Road Safety Association of Kenya chairman, David Njoroge Kiarie, has revealed that former Cabinet Minister for Transport, the late John Njoroge Michuki, warned him against flouting traffic rules because he (Kiarie) thought himself to be a ‘big fish’ in the public transport sector in Nairobi.
Kiarie, who owns a fleet of matatus plying Ngong – Nairobi CBD route, told eDaily that he opposed Michuki (the then Cabinet Minister for Transport) when he introduced strict rules in 2004 to stop chaos in public transport and effectively reduce road carnage.
“I remember when Michuki introduced drastic road safety measures, we (matatu owners) opposed him vehemently. He had realised, I in particular, was notorious for fighting him – both in public and during social discussions,” narrated Kiarie.

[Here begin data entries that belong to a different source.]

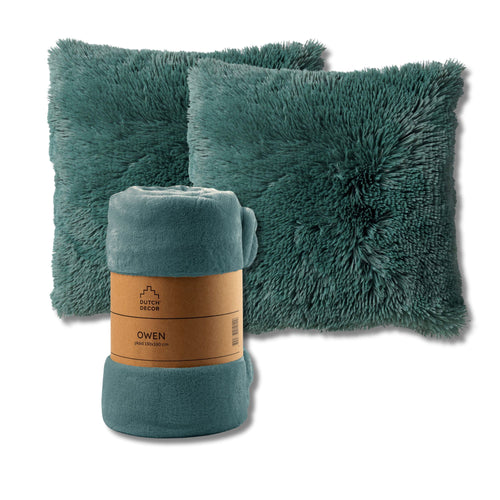 Dutch Decor - VOORDEELSET - 3-delig - Fluffy & Owen - 2 sierkussens 45x45 cm - 1 plaid 130x160 cm - groen - vtwonen shop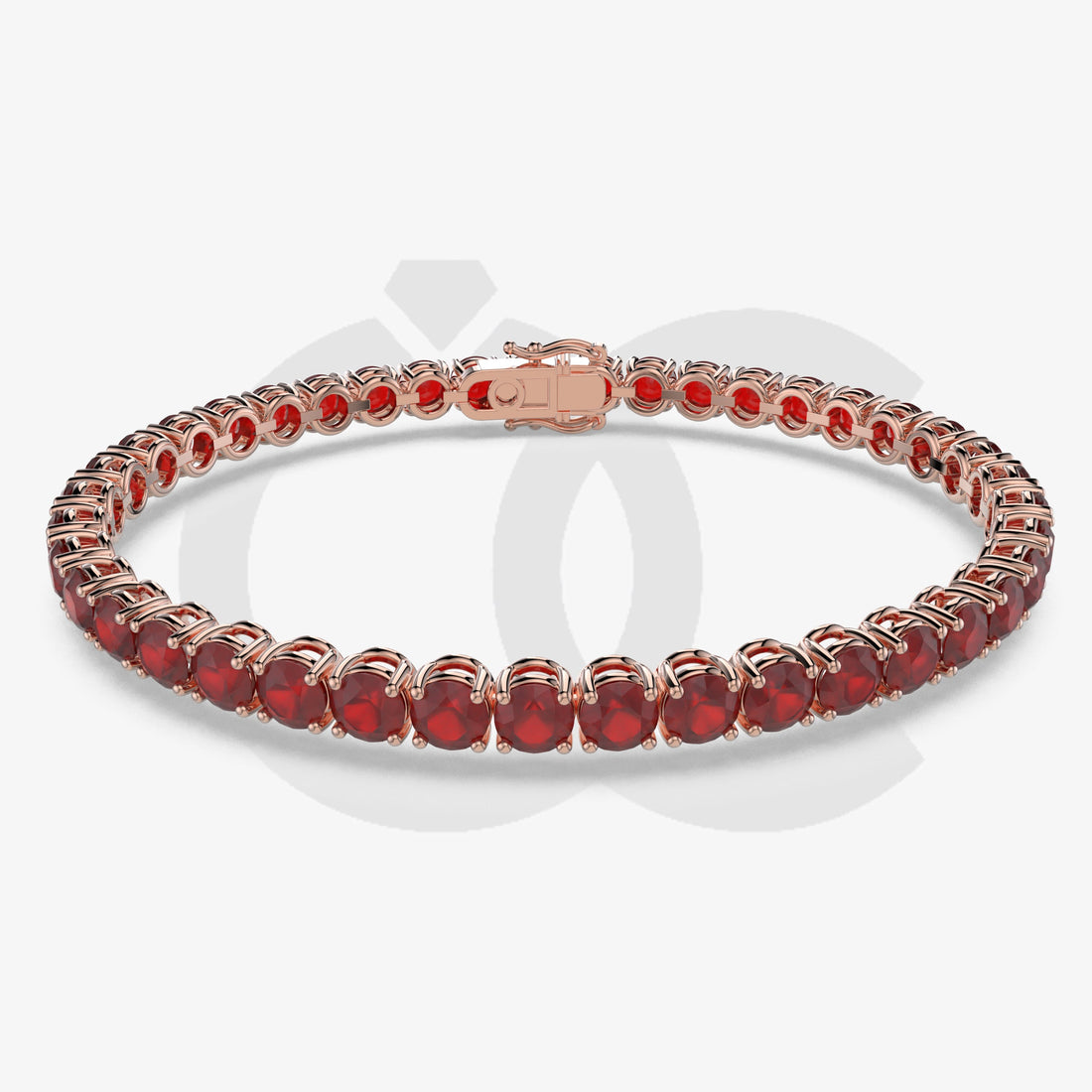Bracelet with Moissanite on a Rose Gold Vermeil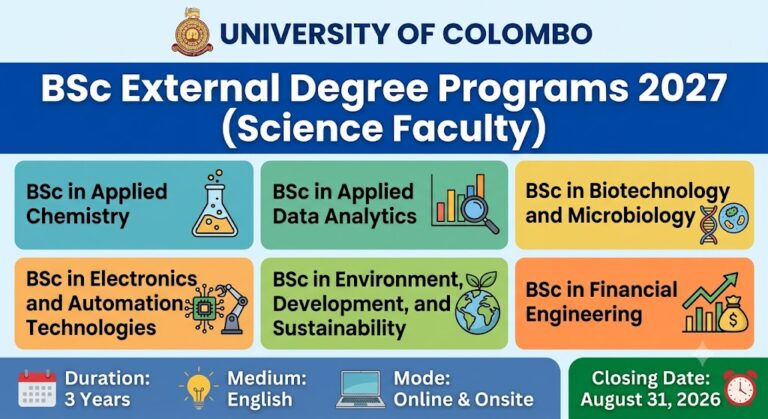 BSc External Degree Programs 2027 – University of Colombo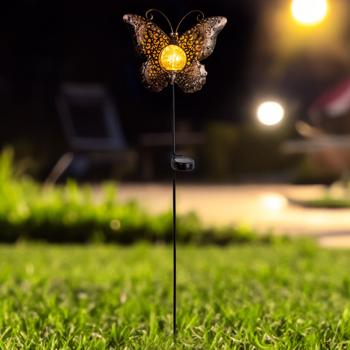 Preview: Decorazione solare a farfalla: 102 cm, vetro crepla a LED, spina da giardino - illuminazione d‘atmosfera - incantevole farfalla per giardino e aiuola
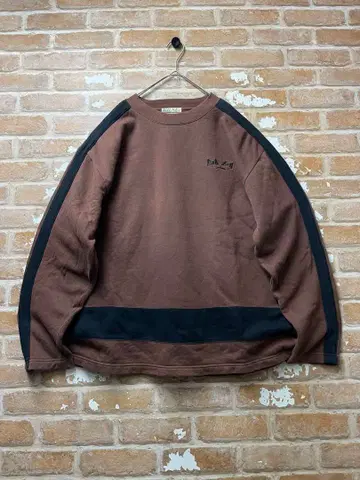 BADBOY 배드보이 맨투맨 브라운 원포인트 자수 y2k 구제 의류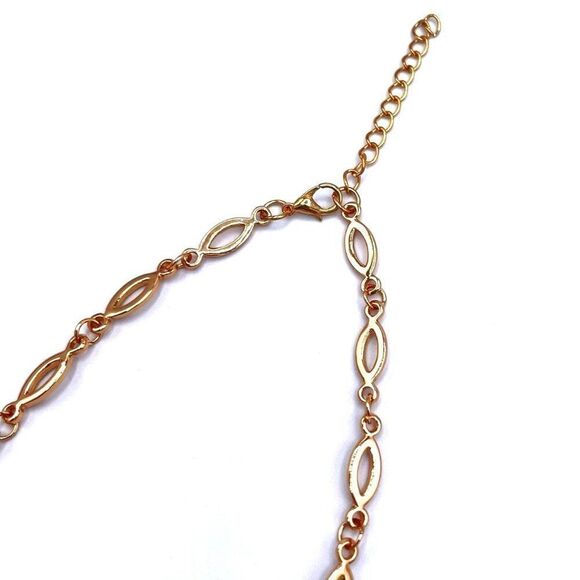 Yellow Gold with Topaz and Diamond Crystal Center Drop Adjustable Necklace - Picture 4 of 7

“One day, he called me to his office and sat me down. He told me: ‘In, however, much you are making money, make sure that no life is lost because of your greed. Young man, you were born when you did not know about law, but I will tell you: there is law that governs how matatus operate on our roads. If you cannot do this (matatu) business, you can sell those vehicles and try your hand at other trade ventures because so long as I am alive, I won’t allow your speeding matatus to kill people on our roads. You won’t like it!’”
Though as unspecified as the action was, it sent shivers down the spine of Mr Kiarie who knew Michuki to be a man who never minced his words.
“During Michuki’s tenure as Transport Minister, everybody supported him – and that is how he succeeded. He meant what he said. He did not care about the rich. His advice made me change my mind – from opposing the introduction of speed governors in the public transport to embracing the innovation.”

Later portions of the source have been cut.